#### Exercise inputs ####
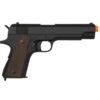 Pistola Airsoft Cyma Colt 1911 CM 123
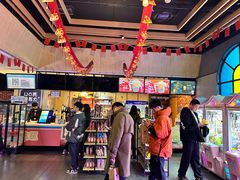 -沃美影城(春熙路店)
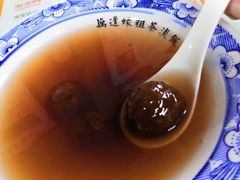 -粗茶淡饭(东关街店)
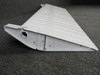 35-165050-231 Beechcraft King Air 200 Outboard Flap Assembly RH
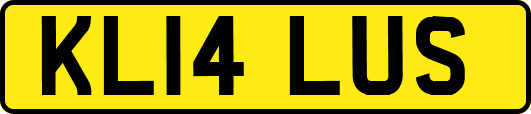 KL14LUS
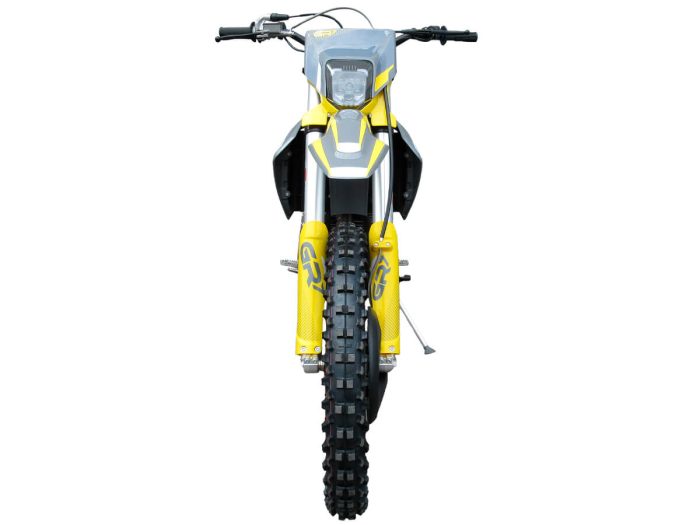 Мотоцикл эндуро GR7 F300A Enduro Optimum 4T CB300RL — изображение 3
####
== What needs to be done ==
Exclude the images and output the lines above exactly.

== Exercise response ==
 Pistola Airsoft Cyma Colt 1911 CM 123
 -沃美影城(春熙路店)
 -粗茶淡饭(东关街店)
 35-165050-231 Beechcraft King Air 200 Outboard Flap Assembly RH
 KL14LUS
 Мотоцикл эндуро GR7 F300A Enduro Optimum 4T CB300RL — изображение 3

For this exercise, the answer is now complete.